Closed HarryLeeIBM closed 2 months ago
Could you please try 19 or main
branch?
@EugeneZelenko, tried clang-19, after fixing some compiling errors, it can compile but the issue still happens. Also tried clang-18, no luck either.
Updates:
Tried to turn off optimization of file src/Processors/Executors/PipelineExecutor.cpp
by adding #pragma clang optimize off
after #include
lines and adding #pragma clang optimize on
at the end of the file, issue disappears. So the optimization issue happens in this file.

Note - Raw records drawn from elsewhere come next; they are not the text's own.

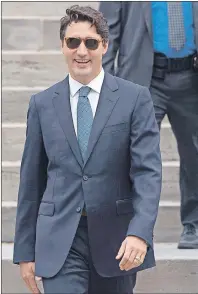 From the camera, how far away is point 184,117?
5809mm

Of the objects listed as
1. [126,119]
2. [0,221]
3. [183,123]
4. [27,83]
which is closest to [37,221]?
[126,119]

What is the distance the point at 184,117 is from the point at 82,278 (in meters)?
2.00

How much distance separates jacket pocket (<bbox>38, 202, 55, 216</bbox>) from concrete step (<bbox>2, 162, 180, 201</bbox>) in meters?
2.64

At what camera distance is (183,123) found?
5840 mm

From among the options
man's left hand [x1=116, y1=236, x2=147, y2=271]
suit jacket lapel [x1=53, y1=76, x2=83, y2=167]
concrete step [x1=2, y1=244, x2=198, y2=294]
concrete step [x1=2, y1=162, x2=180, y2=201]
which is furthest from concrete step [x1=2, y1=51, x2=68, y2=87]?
man's left hand [x1=116, y1=236, x2=147, y2=271]

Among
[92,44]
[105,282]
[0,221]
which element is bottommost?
[0,221]

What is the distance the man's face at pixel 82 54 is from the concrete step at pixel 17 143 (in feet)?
9.46

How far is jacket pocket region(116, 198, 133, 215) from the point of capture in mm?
4078

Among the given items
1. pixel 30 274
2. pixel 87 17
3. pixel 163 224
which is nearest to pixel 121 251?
pixel 30 274

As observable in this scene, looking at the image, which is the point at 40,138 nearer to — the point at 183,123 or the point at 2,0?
the point at 183,123

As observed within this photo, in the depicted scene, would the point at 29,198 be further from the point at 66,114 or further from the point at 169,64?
the point at 169,64

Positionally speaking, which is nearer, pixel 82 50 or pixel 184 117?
pixel 82 50

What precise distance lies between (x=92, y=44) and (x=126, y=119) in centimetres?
33

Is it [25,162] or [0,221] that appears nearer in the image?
[25,162] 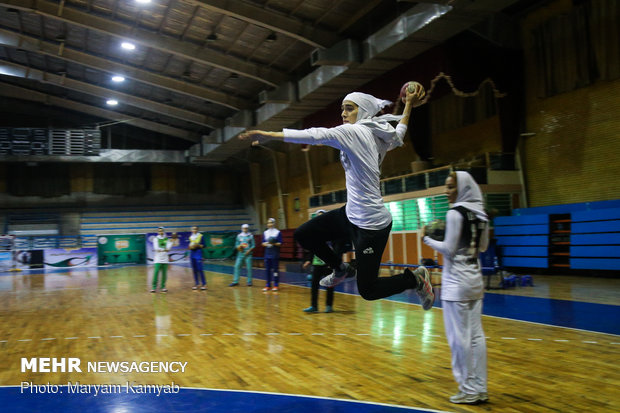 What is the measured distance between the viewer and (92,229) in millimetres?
29500

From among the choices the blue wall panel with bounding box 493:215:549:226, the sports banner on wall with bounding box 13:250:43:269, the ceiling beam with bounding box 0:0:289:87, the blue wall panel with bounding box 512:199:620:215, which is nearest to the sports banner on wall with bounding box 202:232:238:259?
the sports banner on wall with bounding box 13:250:43:269

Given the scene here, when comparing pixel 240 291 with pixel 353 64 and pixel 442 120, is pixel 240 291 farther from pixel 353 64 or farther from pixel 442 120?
pixel 442 120

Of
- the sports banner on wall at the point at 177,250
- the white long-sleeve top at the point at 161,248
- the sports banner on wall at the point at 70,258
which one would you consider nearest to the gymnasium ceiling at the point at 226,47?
the sports banner on wall at the point at 177,250

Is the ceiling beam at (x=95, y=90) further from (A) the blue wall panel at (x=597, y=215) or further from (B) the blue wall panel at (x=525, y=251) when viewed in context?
A: (A) the blue wall panel at (x=597, y=215)

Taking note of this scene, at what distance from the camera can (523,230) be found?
47.3 ft

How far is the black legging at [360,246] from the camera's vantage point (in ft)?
11.9

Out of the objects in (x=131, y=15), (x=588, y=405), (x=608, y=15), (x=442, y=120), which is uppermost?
(x=131, y=15)

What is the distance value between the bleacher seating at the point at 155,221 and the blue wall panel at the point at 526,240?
66.3 ft

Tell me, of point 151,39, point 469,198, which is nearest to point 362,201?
point 469,198

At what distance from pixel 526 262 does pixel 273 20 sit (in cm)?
964

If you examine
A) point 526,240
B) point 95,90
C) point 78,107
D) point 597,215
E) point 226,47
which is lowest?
point 526,240

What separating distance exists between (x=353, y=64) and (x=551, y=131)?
19.6 feet

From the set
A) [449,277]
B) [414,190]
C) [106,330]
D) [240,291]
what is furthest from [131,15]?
[449,277]

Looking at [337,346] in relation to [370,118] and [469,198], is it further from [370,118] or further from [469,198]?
[370,118]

@llvm/issue-subscribers-backend-powerpc
Author: Harry Lee (HarryLeeIBM)
Hi Harry, I'm having a look into this issue. I built ClickHouse with Clang18 on PPC64LE, however I didn't see the segmentation fault as expected. Instead, I got the following NETWORK_ERROR. What am I missing? I don't know much about ClickHouse, could you please help me point out my problem? Thanks!
$ ./clickhouse client
ClickHouse client version 24.8.1.1 (official build).

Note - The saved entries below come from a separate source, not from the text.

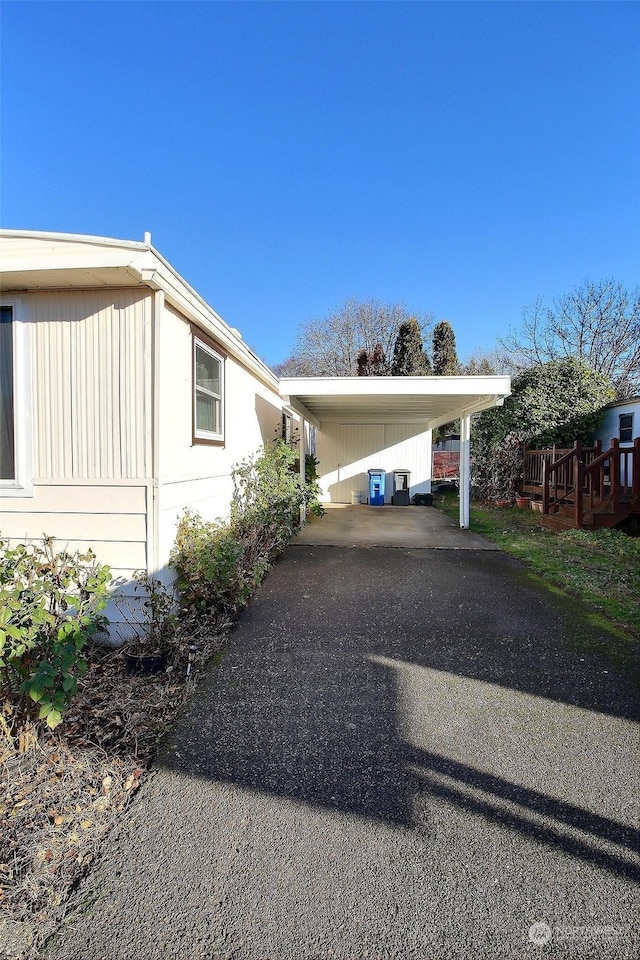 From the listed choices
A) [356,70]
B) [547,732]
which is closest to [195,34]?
[356,70]

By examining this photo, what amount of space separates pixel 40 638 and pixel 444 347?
2155 cm

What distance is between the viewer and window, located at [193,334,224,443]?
4773 mm

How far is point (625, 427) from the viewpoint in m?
11.1

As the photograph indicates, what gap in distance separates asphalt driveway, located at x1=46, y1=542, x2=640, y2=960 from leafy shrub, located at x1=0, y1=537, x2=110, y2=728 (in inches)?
26.3

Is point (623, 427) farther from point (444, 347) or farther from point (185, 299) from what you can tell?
point (444, 347)

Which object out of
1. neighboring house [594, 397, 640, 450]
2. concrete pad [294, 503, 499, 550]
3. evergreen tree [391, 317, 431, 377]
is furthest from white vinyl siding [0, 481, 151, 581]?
evergreen tree [391, 317, 431, 377]

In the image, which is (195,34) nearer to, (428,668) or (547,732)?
(428,668)

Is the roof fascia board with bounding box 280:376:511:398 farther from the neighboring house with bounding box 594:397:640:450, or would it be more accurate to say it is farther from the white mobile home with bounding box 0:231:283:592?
the neighboring house with bounding box 594:397:640:450

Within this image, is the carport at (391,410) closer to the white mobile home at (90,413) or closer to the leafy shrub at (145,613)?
the white mobile home at (90,413)

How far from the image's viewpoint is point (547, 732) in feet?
8.49

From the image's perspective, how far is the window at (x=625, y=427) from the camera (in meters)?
10.9

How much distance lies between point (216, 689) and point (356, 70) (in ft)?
32.7

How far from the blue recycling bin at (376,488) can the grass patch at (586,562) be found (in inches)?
133

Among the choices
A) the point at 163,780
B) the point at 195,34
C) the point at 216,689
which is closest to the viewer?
the point at 163,780
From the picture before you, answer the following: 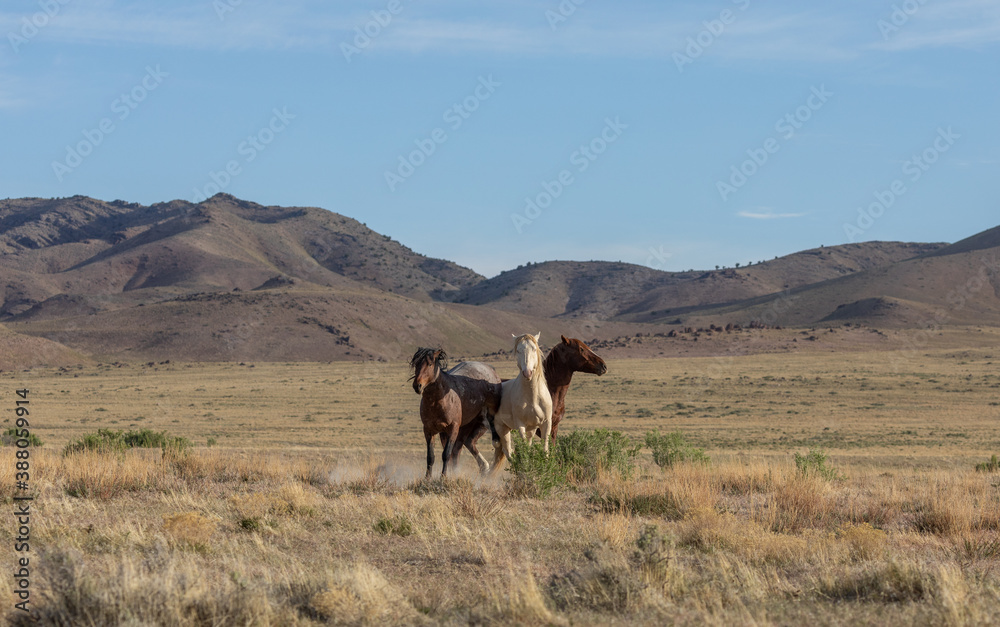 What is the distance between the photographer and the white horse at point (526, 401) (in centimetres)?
1104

Connecting to localhost:9000 as user default.
Connected to ClickHouse server version 24.8.1.
Warnings:
* Linux is not using a fast clock source. Performance can be degraded. Check /sys/devices/system/clocksource/clocksource0/current_clocksource
ilum.aus.stglabs.ibm.com :)
ilum.aus.stglabs.ibm.com :) select if(in(dummy, tuple(0, 1)), 'ok', 'ok') from remote('localhost', system.one) settings legacy_column_name_of_tuple_literal=1, prefer_localhost_replica=0;
SELECT if(dummy IN (0, 1), 'ok', 'ok')
FROM remote('localhost', system.one)
SETTINGS legacy_column_name_of_tuple_literal = 1, prefer_localhost_replica = 0
Query id: 215ce427-7c26-42cb-a202-84946251ecb9
Error on processing query: Code: 32. DB::Exception: Attempt to read after eof: while receiving packet from localhost:9000. (ATTEMPT_TO_READ_AFTER_EOF) (version 24.8.1.1 (official build))

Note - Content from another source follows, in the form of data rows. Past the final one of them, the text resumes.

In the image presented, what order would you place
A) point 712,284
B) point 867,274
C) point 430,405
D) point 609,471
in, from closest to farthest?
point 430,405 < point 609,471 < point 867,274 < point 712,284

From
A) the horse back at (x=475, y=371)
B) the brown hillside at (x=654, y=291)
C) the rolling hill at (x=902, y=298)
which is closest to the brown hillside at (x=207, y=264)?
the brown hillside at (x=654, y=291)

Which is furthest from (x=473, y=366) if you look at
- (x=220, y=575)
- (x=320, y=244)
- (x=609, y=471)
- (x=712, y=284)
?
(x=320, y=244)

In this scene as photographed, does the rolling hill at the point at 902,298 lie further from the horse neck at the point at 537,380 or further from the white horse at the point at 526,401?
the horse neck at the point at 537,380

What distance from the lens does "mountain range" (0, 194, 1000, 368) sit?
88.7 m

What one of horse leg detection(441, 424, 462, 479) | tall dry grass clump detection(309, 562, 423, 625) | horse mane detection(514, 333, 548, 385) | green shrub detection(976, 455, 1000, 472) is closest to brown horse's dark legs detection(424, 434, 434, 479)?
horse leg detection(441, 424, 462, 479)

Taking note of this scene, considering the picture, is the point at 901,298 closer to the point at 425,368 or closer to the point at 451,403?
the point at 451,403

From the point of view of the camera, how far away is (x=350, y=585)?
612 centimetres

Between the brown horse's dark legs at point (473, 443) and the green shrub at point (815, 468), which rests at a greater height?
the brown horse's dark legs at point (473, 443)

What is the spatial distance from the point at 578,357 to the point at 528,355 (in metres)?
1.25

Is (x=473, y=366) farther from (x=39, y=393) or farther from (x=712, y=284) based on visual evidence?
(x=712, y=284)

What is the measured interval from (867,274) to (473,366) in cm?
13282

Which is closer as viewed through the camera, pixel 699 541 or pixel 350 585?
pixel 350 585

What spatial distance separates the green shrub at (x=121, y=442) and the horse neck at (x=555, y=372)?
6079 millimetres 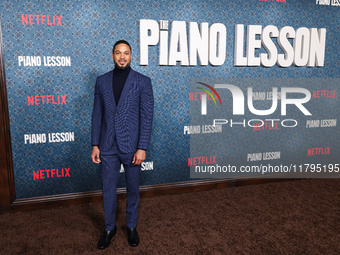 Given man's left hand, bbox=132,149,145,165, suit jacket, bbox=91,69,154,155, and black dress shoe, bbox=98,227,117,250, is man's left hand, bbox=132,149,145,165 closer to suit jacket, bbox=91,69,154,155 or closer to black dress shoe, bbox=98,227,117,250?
suit jacket, bbox=91,69,154,155

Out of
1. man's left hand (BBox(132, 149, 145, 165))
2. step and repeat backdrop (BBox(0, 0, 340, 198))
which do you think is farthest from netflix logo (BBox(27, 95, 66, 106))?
man's left hand (BBox(132, 149, 145, 165))

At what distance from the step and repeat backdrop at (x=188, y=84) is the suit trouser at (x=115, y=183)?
0.87m

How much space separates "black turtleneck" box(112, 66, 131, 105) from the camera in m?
2.03

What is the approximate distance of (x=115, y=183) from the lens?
6.95 ft

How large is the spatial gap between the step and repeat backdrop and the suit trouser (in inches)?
34.3

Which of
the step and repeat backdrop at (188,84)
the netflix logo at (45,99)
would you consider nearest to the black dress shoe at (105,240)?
the step and repeat backdrop at (188,84)

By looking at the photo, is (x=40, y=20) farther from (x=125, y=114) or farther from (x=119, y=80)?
A: (x=125, y=114)

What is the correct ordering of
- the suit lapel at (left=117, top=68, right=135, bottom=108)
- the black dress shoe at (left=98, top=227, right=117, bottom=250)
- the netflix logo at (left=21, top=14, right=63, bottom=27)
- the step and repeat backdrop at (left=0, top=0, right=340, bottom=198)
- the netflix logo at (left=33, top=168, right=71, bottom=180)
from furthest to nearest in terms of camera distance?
1. the netflix logo at (left=33, top=168, right=71, bottom=180)
2. the step and repeat backdrop at (left=0, top=0, right=340, bottom=198)
3. the netflix logo at (left=21, top=14, right=63, bottom=27)
4. the black dress shoe at (left=98, top=227, right=117, bottom=250)
5. the suit lapel at (left=117, top=68, right=135, bottom=108)

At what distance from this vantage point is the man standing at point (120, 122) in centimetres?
201

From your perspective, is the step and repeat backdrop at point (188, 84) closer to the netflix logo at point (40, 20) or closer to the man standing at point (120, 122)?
the netflix logo at point (40, 20)

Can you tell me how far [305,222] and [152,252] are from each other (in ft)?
4.49

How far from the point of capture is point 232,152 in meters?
3.38

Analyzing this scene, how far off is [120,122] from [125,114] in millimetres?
66

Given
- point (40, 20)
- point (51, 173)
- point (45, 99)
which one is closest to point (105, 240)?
point (51, 173)
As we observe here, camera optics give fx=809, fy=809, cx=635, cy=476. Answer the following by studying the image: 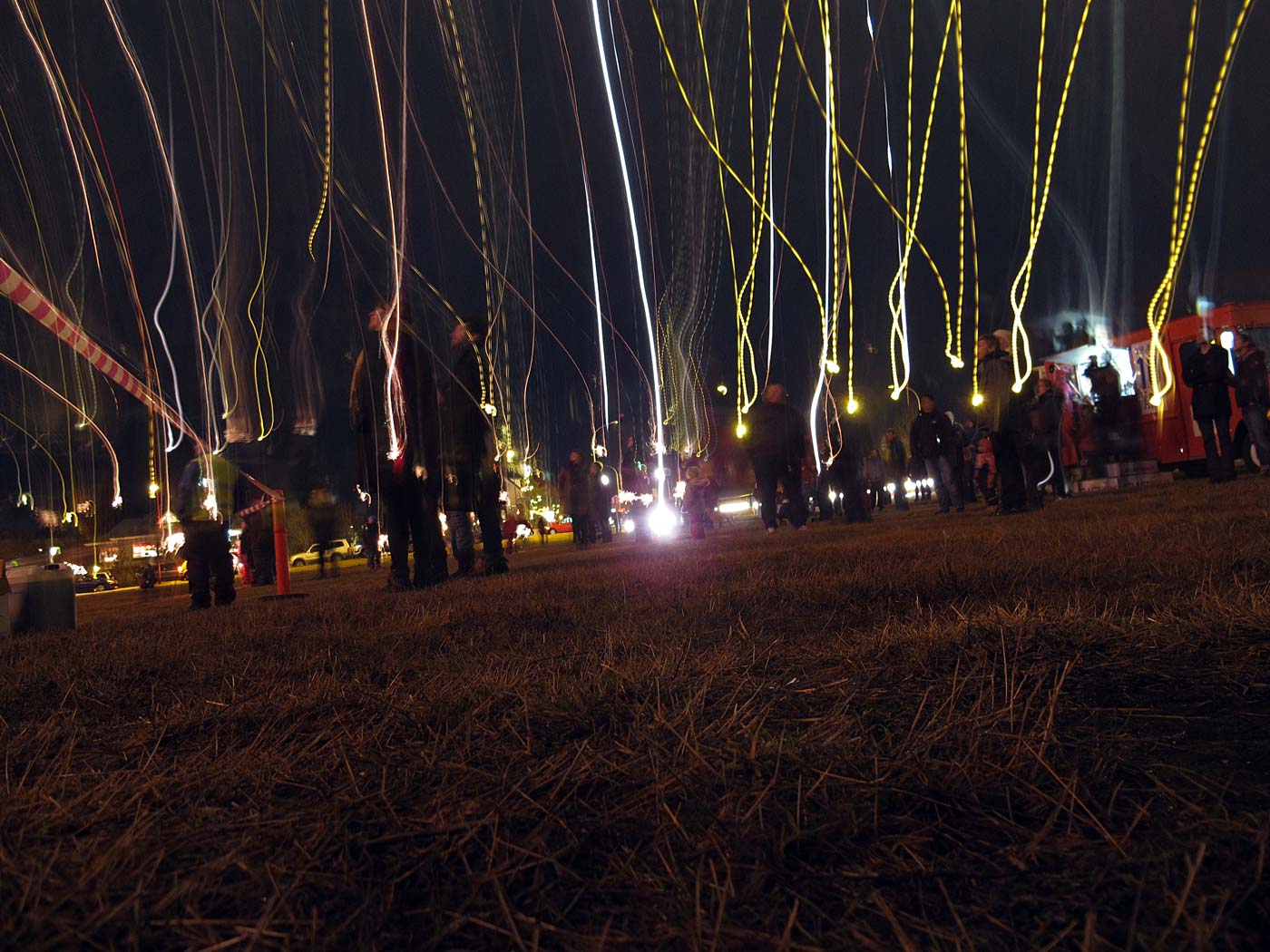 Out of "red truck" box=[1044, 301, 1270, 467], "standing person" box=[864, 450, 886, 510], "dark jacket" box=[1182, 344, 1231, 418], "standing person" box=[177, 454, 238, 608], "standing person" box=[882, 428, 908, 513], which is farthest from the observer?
"standing person" box=[864, 450, 886, 510]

Connecting to localhost:9000 as user default.
Code: 210. DB::NetException: Connection refused (localhost:9000). (NETWORK_ERROR)
Oh well, ignore my previous comment. I just noticed the segmentation fault on server part.
Confirmed with:
src/Processors/Executors/PipelineExecutor.cpp
The case is good.
Will check further...
The error is caused by a wrong machineLICM for an xxlxor
instruction.
MachineLICM is not wrong. It is just a trigger for the error.
.LBB35_9: # %if.end
# in Loop: Header=BB35_8 Depth=2
mr 3, 27
# xxlxor 63, 63, 63 #bad
bl _ZN2DB22ExecutionThreadContext11executeTaskEv
nop
#xxlxor 63, 63, 63 #good
andi. 3, 3, 1
bc 12, 1, .LBB35_14
b .LBB35_10
xxlxor 63, 63, 63
is the instruction machineLICM hoists. It is hoisted to the entry block of the function _ZN2DB16PipelineExecutor15executeStepImplEmPNSt3__16atomicIbEE
.
I narrow it down to the place before/after bl _ZN2DB22ExecutionThreadContext11executeTaskEv
inside _ZN2DB16PipelineExecutor15executeStepImplEmPNSt3__16atomicIbEE
If xxlxor 63, 63, 63
is put before bl _ZN2DB22ExecutionThreadContext11executeTaskEv
, the binary crashes. Confirmed that after _ZN2DB22ExecutionThreadContext11executeTaskEv
, vs63 is changed which is wrong as vs63 is a callee save register. I further narrowed down to some function, but have not find out which instruction changes the vs63 and not restored in the function's epilogue.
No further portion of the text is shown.